A few select works from J-Term 2018 will also be played during this screening. The artworks include the use of moving images with text, voice, animation, audio effects, and music. Some of the artworks are narrative, some address social concerns, others are conceptual and humorous. The students created the videos in editing program, Adobe Premiere Pro.

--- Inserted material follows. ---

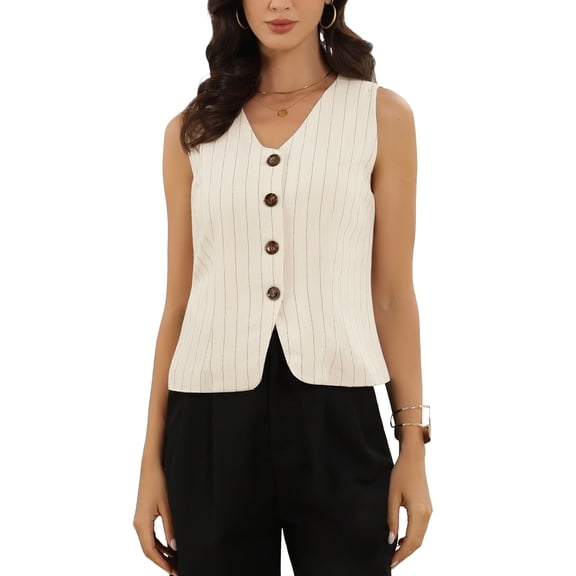 INSPIRE CHIC Striped Vest for Women V Neck  Button Down Sleeveless Casual Waistcoat XS Beige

A few of the artworks in the upcoming screening are inspired by the course’s March field trip to downtown Chicago with art instructor, Jojin Van Winkle. The students visited the Museum of Contemporary Art-Chicago (MCA) and the Video Data Bank (VDB), a video archive located within the School of the Art Institute.

At the MCA, students experienced a range of contemporary art exhibitions: “We Are Here,” part three of a major survey exhibition from the collection in honor of the museum’s 50th anniversary, Paul Pieffer’s two-channel video, “Three Figures in a Room,” Chicago artist Paul Heyer’s exhibition of paintings and sculptures, Michael Rakowitz’s “Backstroke of the West,” and Maurizio Cattelan’s large-scale sculpture, Felix.” The Poetronics students are pursuing majors and minors in: biology, communications and digital media, art and others. For several of the students, the Pieffer exhibit was their first two-channel video projection experience in a museum setting.

The field trip included a meeting with Zachary Vanes, VBD’s distribution manager, to learn more about this digital media-based archive. They also attended a private screening of selected works from the archives, including videos by contemporary artists: Evan Meany, Bryan Boyce, Vanesa Renick, Paul Bush, Semiconductor, Ezra Wube, EMR, Zhengan Yang, and Akram Zaatrari.